Power fold for now; AFL remains hopeful of keeping franchise viable |

Power fold for now; AFL remains hopeful of keeping franchise viable

Sidney Davis | Trib Total Media
The Pittsburgh Power's Virgil Gray is mobbed by his teammates including Curtis Young (93) after his long interception return against the Philadelphia Soul at the Consol Energy Center on Saturday July 26, 2014.

Shortly after Power CEO, co-owner and chairman Matt Shaner issued a news release Monday stating the Arena Football League team will cease operations, minority owners said they were willing to work with league commissioner Scott C. Butera in an attempt to save the franchise.

“Clearly being in Pittsburgh is important to us,” said Butera, who was hired in September to replace longtime commissioner Jerry Kurz.

“We are trying to affect a transaction that will allow the Power to continue to play (2015) in Pittsburgh.”

Butera said he is encouraged by the progress the franchise made this year, improving from a team that lost 27 of 36 games in 2012-13 to winning 12 in a row, finishing 15-3 in the regular season and earning a playoff berth for the first time.

“They have a good team and a good coach (veteran Ron James),” Butera said.

Butera said he and other AFL owners and officials want to improve the league’s regional presence in the Northeast, and Pittsburgh remains a big part of those plans.

“Pittsburgh is a great football town at every level,” he said. “We need to be there. We love having a team in Pittsburgh. It is an important part of what we are doing.”

Trib Total Media president and CEO Ralph Martin, a member of the Power’s board of directors, said the ownership group’s intent is to “right-size the organization.”

Asked to comment on his announcement, Shaner responded with a text message: “I have no comment at this time. I will comment to you when it is appropriate.”

The Power, which struggled to build a local fan base throughout its four-year existence, entered the AFL as an expansion franchise in 2011 with the backing of Shaner and Steelers Hall of Fame wide receiver Lynn Swann.

The team finished 9-9 that season, barely missing the playoffs while averaging 9,197 in attendance at Consol Energy Center. The opener drew a crowd of 13,904, an AFL record for a new franchise’s first game.

But hard times followed, with attendance falling by 44 percent in 2012 to 5,163 in the midst of a labor dispute between players and the league. At the height of that disagreement, Shaner fired his entire roster during a pregame meal hours before the season opener. Later in the season, he fired coach Chris Siegfried and replaced him with defensive coordinator Derek Stingley. The team finished 5-13.

The players union and league reached a new collective bargaining agreement during the ’12 season, but Stingley had trouble attracting enough talented athletes to make the team a playoff contender.
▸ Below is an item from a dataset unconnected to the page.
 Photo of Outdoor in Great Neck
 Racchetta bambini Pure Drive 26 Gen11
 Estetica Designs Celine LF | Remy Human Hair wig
A year later, attendance rose slightly to 5,865, but the Power struggled on the field and finished 4-14.

Nonetheless, attendance averaged more than 6,000 for the first three years, triggering a clause in the Power’s contract with the Penguins to allow the team to use Consol Energy Center through the 2016 season.

“They have a lot of positives,” Butera said. “Everything is in front of them.”